- **WHAT IS REQUIRED**: Every line from the one containing "高清大图下载【趣麦麦图】科学家研究数字人体模型" to the one containing "Image of Coffee" in the records below, both included, must be set down exactly, and no other line.
Segment Open
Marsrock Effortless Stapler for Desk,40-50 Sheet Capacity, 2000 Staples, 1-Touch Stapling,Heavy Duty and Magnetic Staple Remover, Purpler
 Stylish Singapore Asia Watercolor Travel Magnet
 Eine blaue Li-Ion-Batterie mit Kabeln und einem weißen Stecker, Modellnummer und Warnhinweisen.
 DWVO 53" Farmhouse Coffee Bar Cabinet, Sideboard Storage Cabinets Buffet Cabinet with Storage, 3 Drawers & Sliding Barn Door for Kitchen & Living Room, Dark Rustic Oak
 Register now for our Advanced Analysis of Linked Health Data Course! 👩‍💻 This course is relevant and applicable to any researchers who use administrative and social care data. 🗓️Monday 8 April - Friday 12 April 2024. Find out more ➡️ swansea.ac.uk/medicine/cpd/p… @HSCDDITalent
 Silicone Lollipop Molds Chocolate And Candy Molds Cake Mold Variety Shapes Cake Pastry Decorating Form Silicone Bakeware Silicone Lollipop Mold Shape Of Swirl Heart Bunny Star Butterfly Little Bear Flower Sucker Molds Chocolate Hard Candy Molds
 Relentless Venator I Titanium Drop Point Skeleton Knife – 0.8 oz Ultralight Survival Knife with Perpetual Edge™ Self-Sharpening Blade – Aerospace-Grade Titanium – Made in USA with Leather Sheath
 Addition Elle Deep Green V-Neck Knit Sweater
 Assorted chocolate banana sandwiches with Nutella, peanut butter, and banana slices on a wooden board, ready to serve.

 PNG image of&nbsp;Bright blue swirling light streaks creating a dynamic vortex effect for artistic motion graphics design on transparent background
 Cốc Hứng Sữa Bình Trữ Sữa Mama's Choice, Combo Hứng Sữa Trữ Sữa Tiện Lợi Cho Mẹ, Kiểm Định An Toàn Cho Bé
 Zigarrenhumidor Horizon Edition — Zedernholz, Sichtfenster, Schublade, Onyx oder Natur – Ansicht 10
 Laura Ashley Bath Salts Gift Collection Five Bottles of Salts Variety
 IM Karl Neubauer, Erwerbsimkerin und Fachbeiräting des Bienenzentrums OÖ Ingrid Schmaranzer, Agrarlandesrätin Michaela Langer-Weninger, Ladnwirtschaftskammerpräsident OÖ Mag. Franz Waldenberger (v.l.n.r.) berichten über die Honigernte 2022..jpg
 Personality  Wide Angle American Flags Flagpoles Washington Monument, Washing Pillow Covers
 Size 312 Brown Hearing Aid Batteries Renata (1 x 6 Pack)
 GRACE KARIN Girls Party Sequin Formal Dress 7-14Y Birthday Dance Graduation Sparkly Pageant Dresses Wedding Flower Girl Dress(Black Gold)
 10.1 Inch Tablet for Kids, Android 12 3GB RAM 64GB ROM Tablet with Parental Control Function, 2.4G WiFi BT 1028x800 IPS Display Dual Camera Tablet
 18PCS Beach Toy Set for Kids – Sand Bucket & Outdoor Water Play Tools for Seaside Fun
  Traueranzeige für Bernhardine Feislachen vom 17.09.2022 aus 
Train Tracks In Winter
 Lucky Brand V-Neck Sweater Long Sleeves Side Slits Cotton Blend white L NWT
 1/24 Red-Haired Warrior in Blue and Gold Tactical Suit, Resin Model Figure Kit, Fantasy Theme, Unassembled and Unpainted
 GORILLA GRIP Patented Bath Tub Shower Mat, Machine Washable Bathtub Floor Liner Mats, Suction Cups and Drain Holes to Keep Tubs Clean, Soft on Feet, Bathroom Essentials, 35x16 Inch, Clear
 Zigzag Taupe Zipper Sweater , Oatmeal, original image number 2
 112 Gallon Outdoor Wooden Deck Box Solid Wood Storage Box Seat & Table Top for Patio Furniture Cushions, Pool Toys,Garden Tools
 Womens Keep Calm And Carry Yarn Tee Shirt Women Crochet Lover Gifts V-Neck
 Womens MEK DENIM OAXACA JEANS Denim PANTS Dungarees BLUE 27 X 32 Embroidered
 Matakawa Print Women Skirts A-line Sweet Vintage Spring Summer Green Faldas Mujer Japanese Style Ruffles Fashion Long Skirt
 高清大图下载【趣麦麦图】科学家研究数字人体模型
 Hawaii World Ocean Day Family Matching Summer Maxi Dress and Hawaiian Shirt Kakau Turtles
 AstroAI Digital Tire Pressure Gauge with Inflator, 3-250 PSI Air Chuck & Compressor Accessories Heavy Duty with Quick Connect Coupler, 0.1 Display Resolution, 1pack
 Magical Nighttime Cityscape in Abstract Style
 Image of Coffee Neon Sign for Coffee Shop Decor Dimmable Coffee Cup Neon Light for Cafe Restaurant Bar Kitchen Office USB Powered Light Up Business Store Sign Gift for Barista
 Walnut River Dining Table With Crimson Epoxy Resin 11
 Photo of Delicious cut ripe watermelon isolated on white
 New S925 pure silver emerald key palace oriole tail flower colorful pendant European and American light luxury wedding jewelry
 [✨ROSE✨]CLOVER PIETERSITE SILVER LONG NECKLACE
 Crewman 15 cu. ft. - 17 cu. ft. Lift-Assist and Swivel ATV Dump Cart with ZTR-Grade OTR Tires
Segment Closed
- **SOLUTION BELOW**:
 高清大图下载【趣麦麦图】科学家研究数字人体模型
 Hawaii World Ocean Day Family Matching Summer Maxi Dress and Hawaiian Shirt Kakau Turtles
 AstroAI Digital Tire Pressure Gauge with Inflator, 3-250 PSI Air Chuck & Compressor Accessories Heavy Duty with Quick Connect Coupler, 0.1 Display Resolution, 1pack
 Magical Nighttime Cityscape in Abstract Style
 Image of Coffee Neon Sign for Coffee Shop Decor Dimmable Coffee Cup Neon Light for Cafe Restaurant Bar Kitchen Office USB Powered Light Up Business Store Sign Gift for Barista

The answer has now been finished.